Beneath this line sits some data. Return only its lines from the one holding "木製テーブルに取り残された新鮮なピーマンの写真" through the one holding "Disney characters posing", inclusive, exactly, with the images removed.

* **PROVIDED INFORMATION**:
◆ ◆ ◆ ◆ ◆

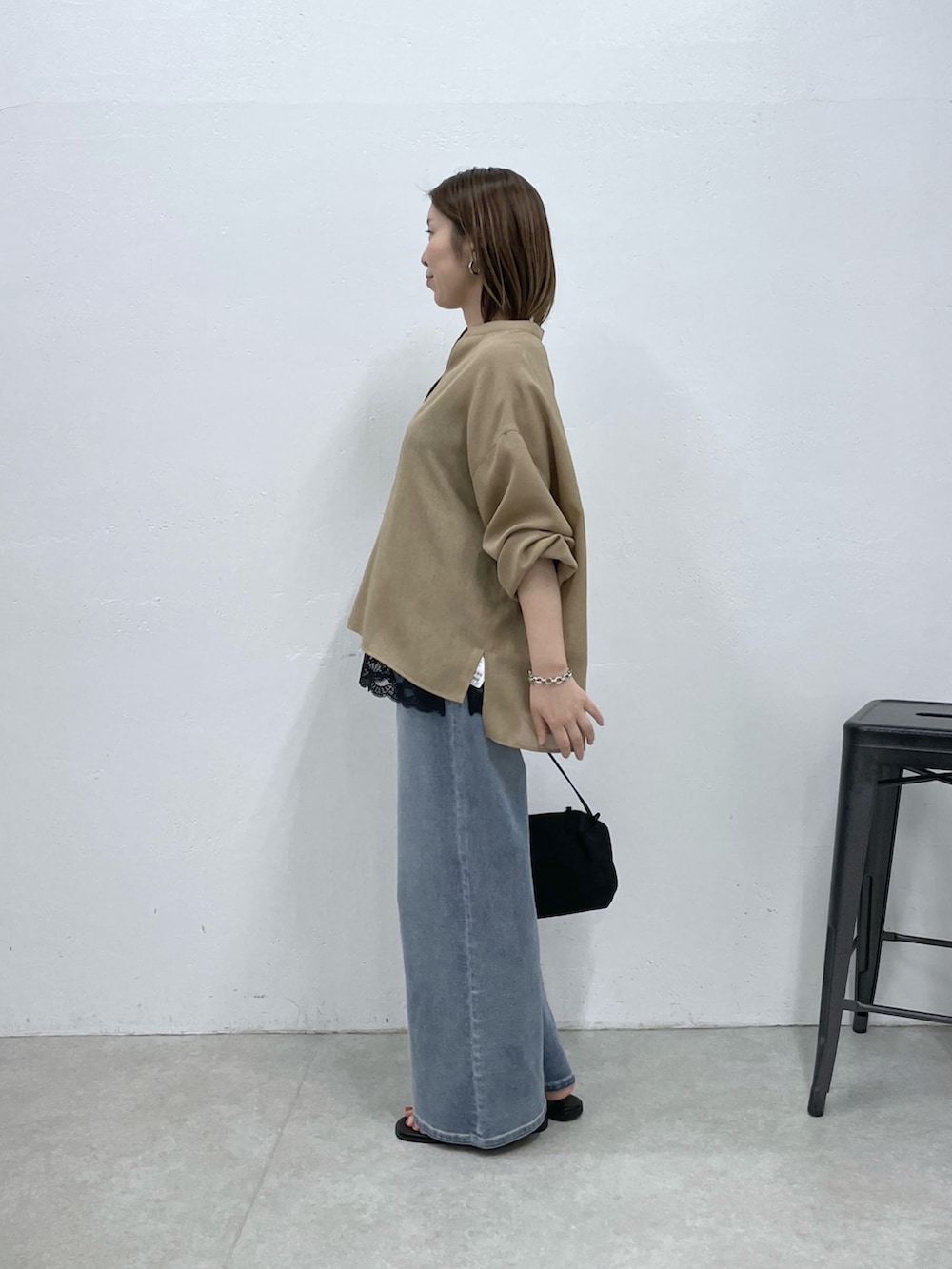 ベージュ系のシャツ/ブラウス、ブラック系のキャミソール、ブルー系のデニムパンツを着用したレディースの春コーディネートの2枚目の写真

◆ ◆ ◆ ◆ ◆

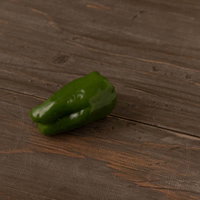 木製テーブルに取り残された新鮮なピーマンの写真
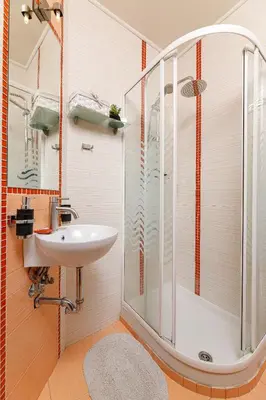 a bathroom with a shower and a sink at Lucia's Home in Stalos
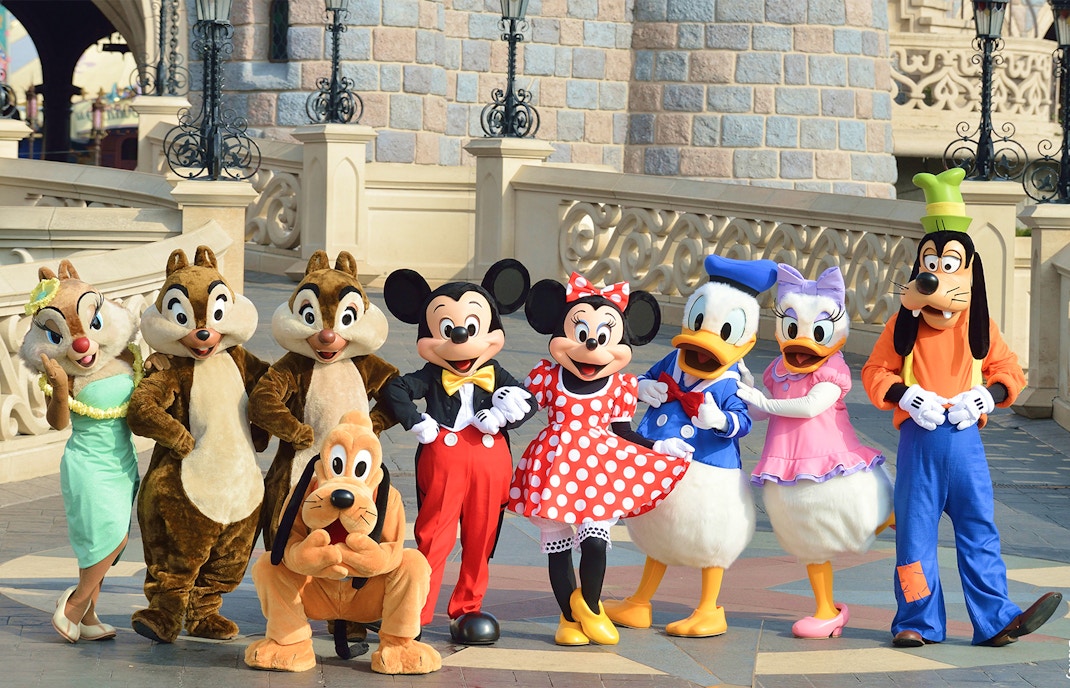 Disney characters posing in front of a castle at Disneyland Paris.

◆ ◆ ◆ ◆ ◆

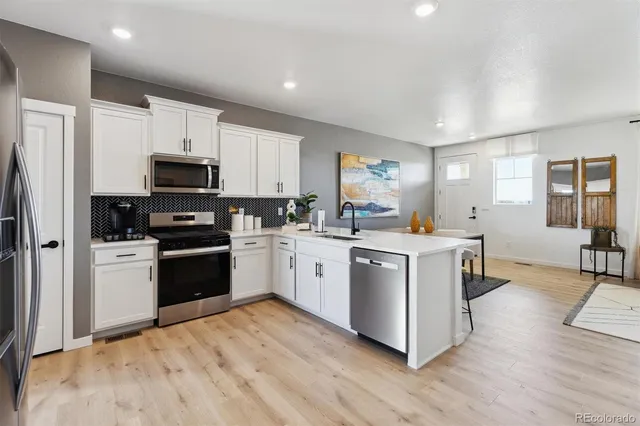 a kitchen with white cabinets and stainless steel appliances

◆ ◆ ◆ ◆ ◆

* **RESULT FOR THIS EXERCISE**:
 木製テーブルに取り残された新鮮なピーマンの写真
 a bathroom with a shower and a sink at Lucia's Home in Stalos
 Disney characters posing in front of a castle at Disneyland Paris.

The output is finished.